As data on student progress become more robust and easier to gather, more and more colleges are “nudging” students, prompting them to make decisions that will help them stay on track and graduate. We — an academic administrator and a company leader — have worked at the forefront of nudging in higher education since 2012 and are thrilled to see its widespread embrace as a student-success strategy.
Yet we are concerned that colleges are equipped with plenty of data but not enough guidance about how to use that information effectively in reaching out to students.
The job is becoming more professionalized, holistic, and high tech. But colleges are just beginning to learn how to use new masses of data to help their students thrive.
Over the past several years, the University of Washington at Tacoma has used predictive analytics and early-alert and student-nudging tools that align with known student-success strategies. The university has put a lot of thought into how best to act on the real-time student data that those tools produce. Its partnership with Persistence Plus, which supports students with personalized text-message nudges throughout the academic year, has seen consistently strong results — including a study that found a six-percentage-point increase in graduation for the students most at risk of dropping out.
Our experience has led us to offer five key questions that colleges should ask themselves about their efforts to nudge students.
Does the intervention address the actual student challenge? Thoughtfully prompting students to complete important milestones to graduation can be helpful, but to be truly effective, interventions must target the underlying reasons that more students aren’t completing these activities on their own. For example, one college had gently encouraged students who were close to completion to complete their graduation applications. However, it was found that some students did not know if they were actually eligible to graduate.
The fix was not a simple intervention but rather the more complex work of improving the institution’s degree-audit process so students understood their eligibility for graduation. In another case, here at Tacoma, a registration outreach revealed that students mistakenly thought that they were ineligible to file for graduation if they had taken out emergency loans.
Do the data that prompt an intervention make sense and tell the complete story? One can still make mistakes, even when constructing thoughtful prompts.

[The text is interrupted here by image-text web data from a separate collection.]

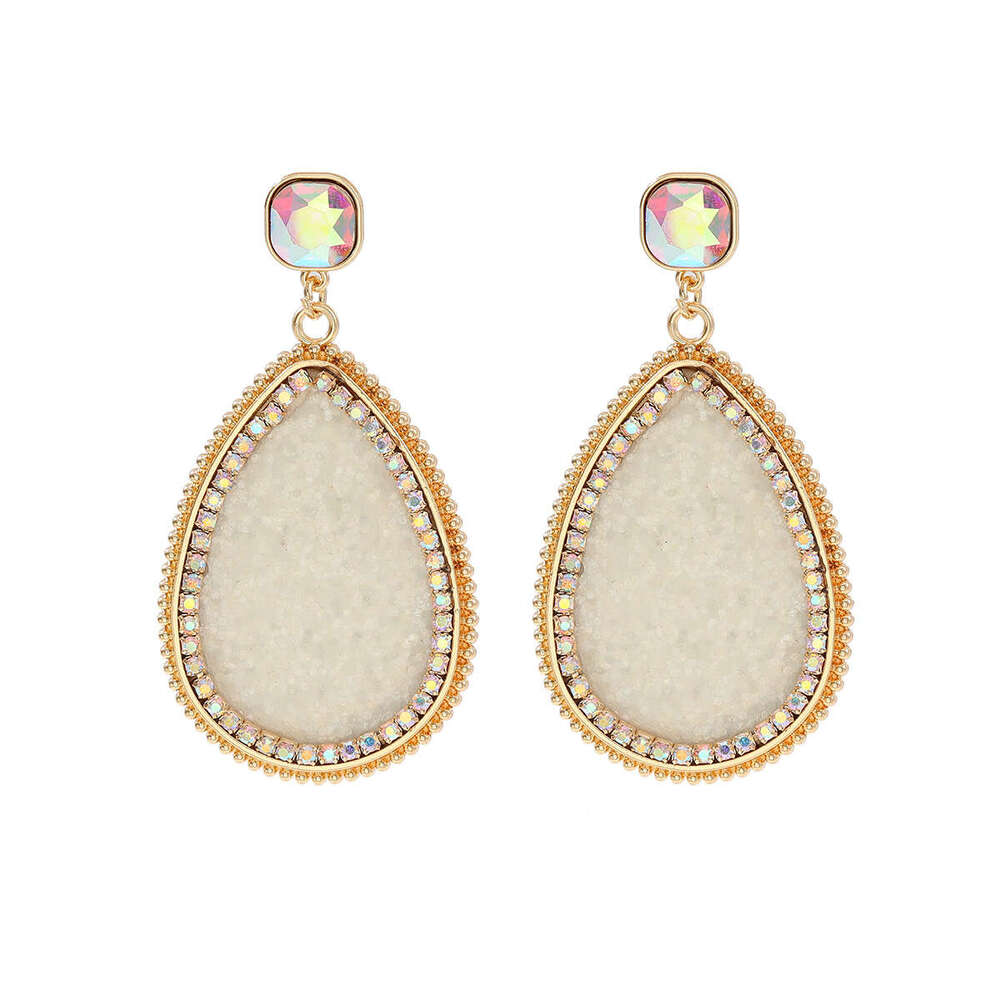 Hot selg creative alloy studded colorful dia earrings for women, exaggerated and high-end water droplet shaped ear accessories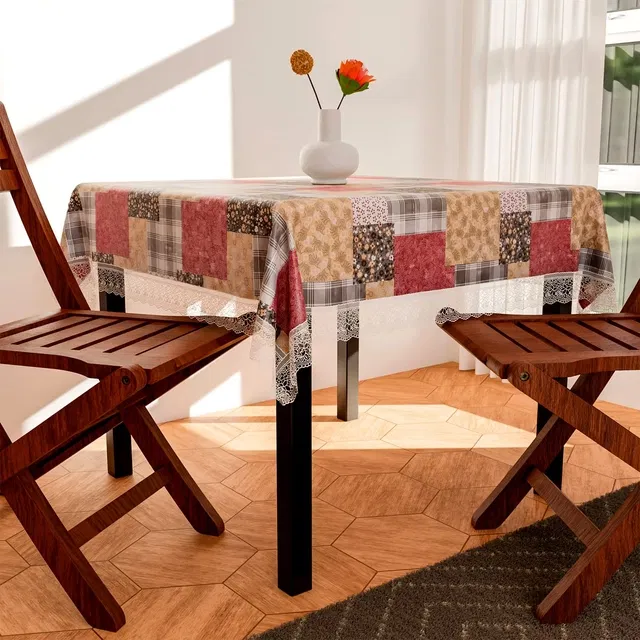 PVC Printed 4 Seater Table Cover (Multicolor, 40x60 Inches)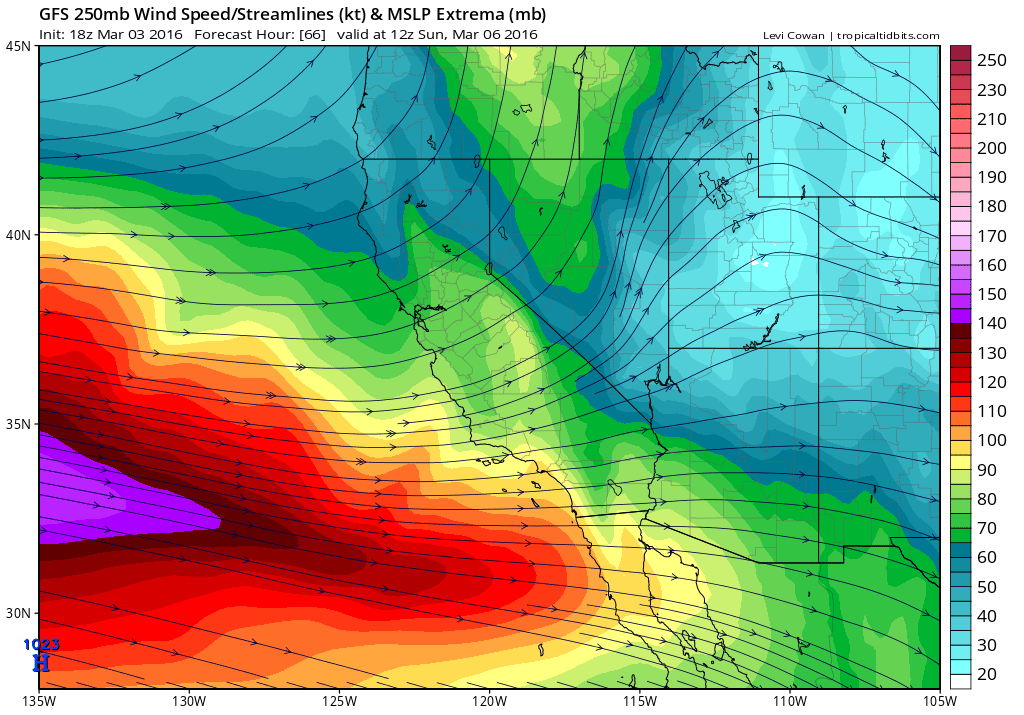 The jet stream will be in a favorable position for active weather across California this weekend.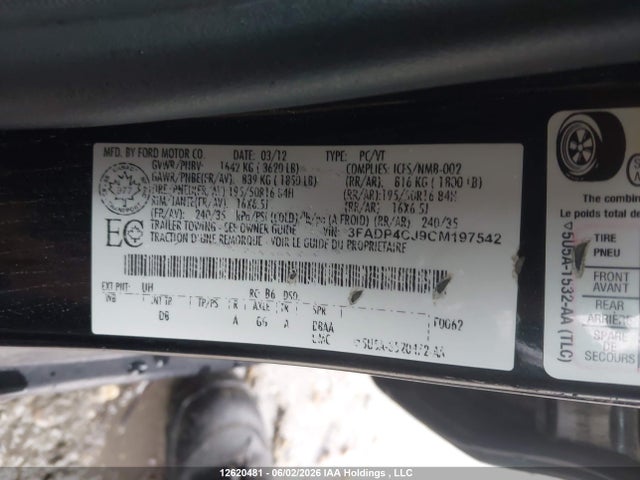 12620481 :رقم المزاد ، 3FADP4CJ9CM197542 vin ، 2012 Ford Fiesta Sel مزاد بيع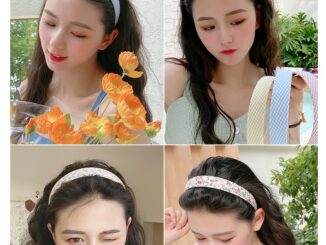 ที่คาดผม ชนิดผ้าซาติน ลายดอกไม้ ลายสก๊อต สีพื้น สไตล์เกาหลี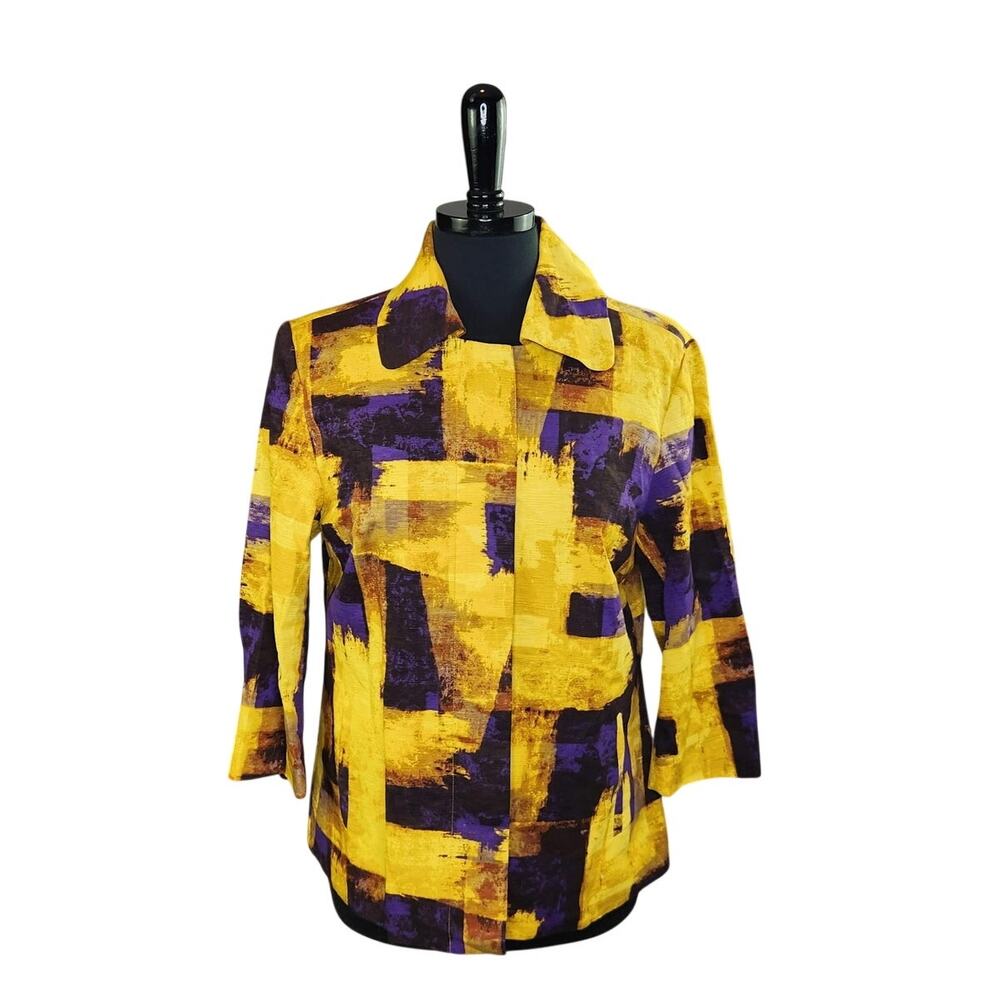 Coldwater Creek Sunlit Blazer Jacket Gold Yellow Purple Cotton NWT 10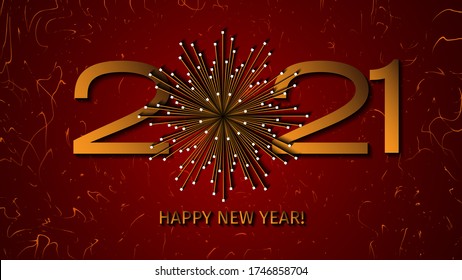 Happy New Year 2021. Vector illustration concept for background, greeting card, website and mobile website banner, party invitation card, social media banner, social media ad, screensaver.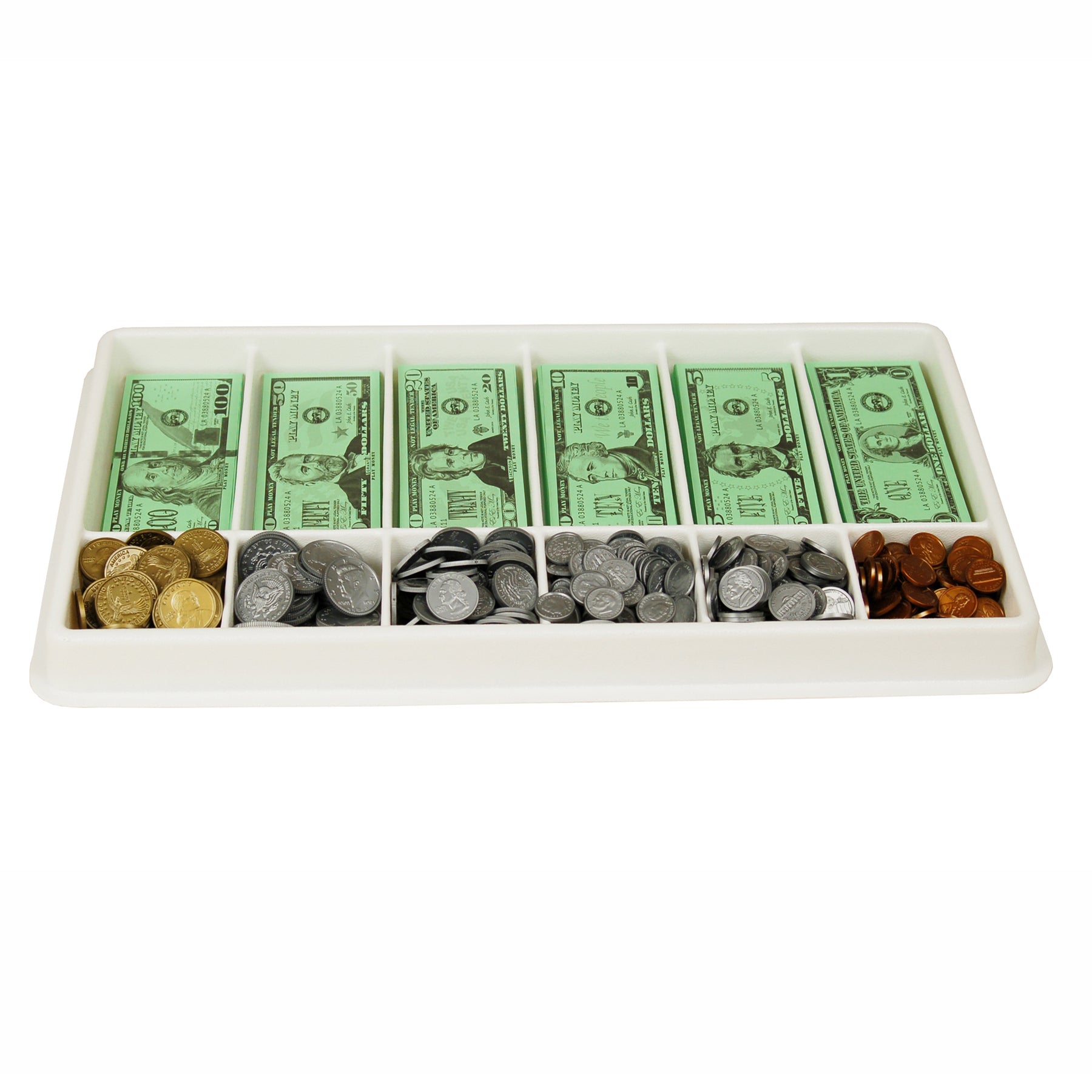 Classroom Money Kit - Set of 1,000 Bills & Coins - Storage Tray and Lid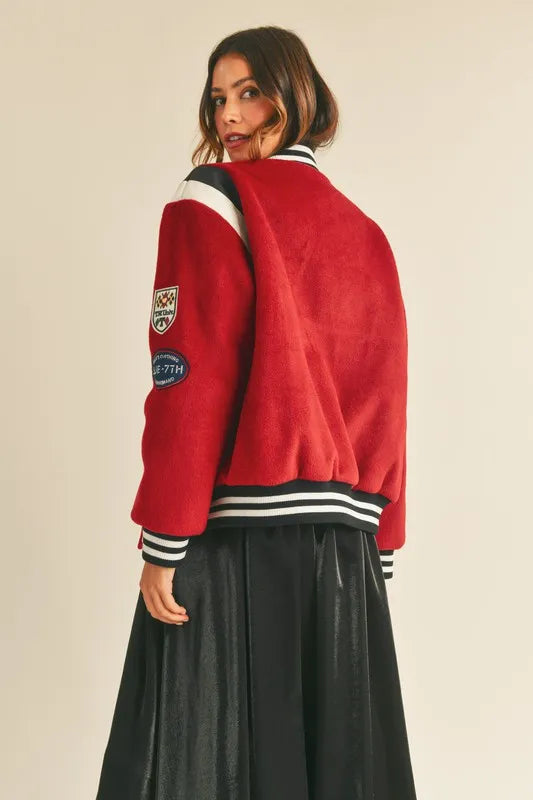 M Bomber Varsity Jacket with Patch Detail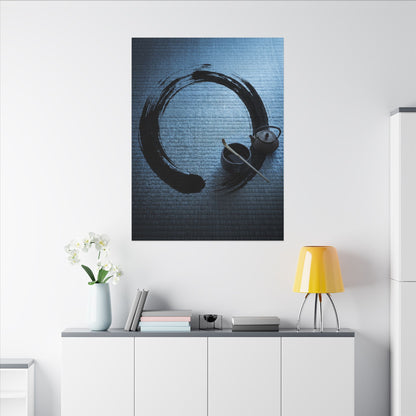 Winter Tea Ceremony Enso Canvas Art | Peaceful Decor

At Tacoma, outreach through our analytics system to students not registered for the next term didn’t take into consideration that some students graduate in the winter quarter. Because registration and graduation-process data were separate, the nudge mistakenly included those students poised to graduate and caused a few of them to worriedly ask if their paperwork had been rejected. We learned that it is important for the team selecting data to drive interventions to be familiar with the graduation process and be made up of people who hold a diversity of roles.
Does the intervention effectively use evidence-based practices such as behavioral science? Thoughtful use of behavioral science offers a number of strategies that — without being punitive, clueless, or coercive — can help students to follow through on their intentions. For instance, a nudge encouraging students to seek tutoring can couch this behavior as an expected college norm rather than as stigmatizing. An intervention that promotes a view of science as collaborative and engaging can help students persist in STEM majors.
If a nudging effort is to be effective, the design team should include experts in social psychology and student interventions. Don’t leave content solely to your IT staff or registrar.
Do interventions consider student challenges that may not show up in early-alert systems? Traditionally, early-alert systems rely on flags, often from the faculty, about a poor grade or missed class. While those are important, they don’t capture the more nuanced reasons that students can suddenly fall off track. Interactive nudging can respond to different kinds of data that may predict withdrawal from college, such as students’ motivation levels, a lack of social fit, or home and life challenges that threaten to derail their progress.
A study at the University of Washington revealed that only 22 percent of lower-division students leave because of any academic distress. They disappear for diverse reasons, often as a result of temporary crises that the university could have helped to mitigate. Nudges can help students stay in college by connecting them to services that support them, such as food pantries, housing aid, and child care when they most need it.
Is the intervention nuanced to reflect the needs of different student populations? Nontraditional students — now the majority of U.S. college enrollment — can have a swirl of characteristics: first-generation, military, underrepresented minorities, part-time, first year, mothers, Pell Grant recipients. Often they feel alone or like outsiders. They can become the high-achieving students who don’t return, with lingering debt and without a degree. But studies have shown that brief interventions can reframe their perspective on college. Using nudges that target the specific needs and strengths of these different populations and the campus resources that are available to them can let students know they’re seen and can foster an internal sense of belonging that leads to degree completion.
Repeatedly, we’ve seen that learner analytics used to generate interventions, reminders, kudos, and nudges can have positive impacts on student success. Insights from the students themselves have helped us tailor our interventions to better meet their needs and be more efficient with our time and resources. The obligation that comes with knowing which students are at risk means that we cannot continue the status quo of failing to extend the right supports to a new population of college students. Consider this a nudge.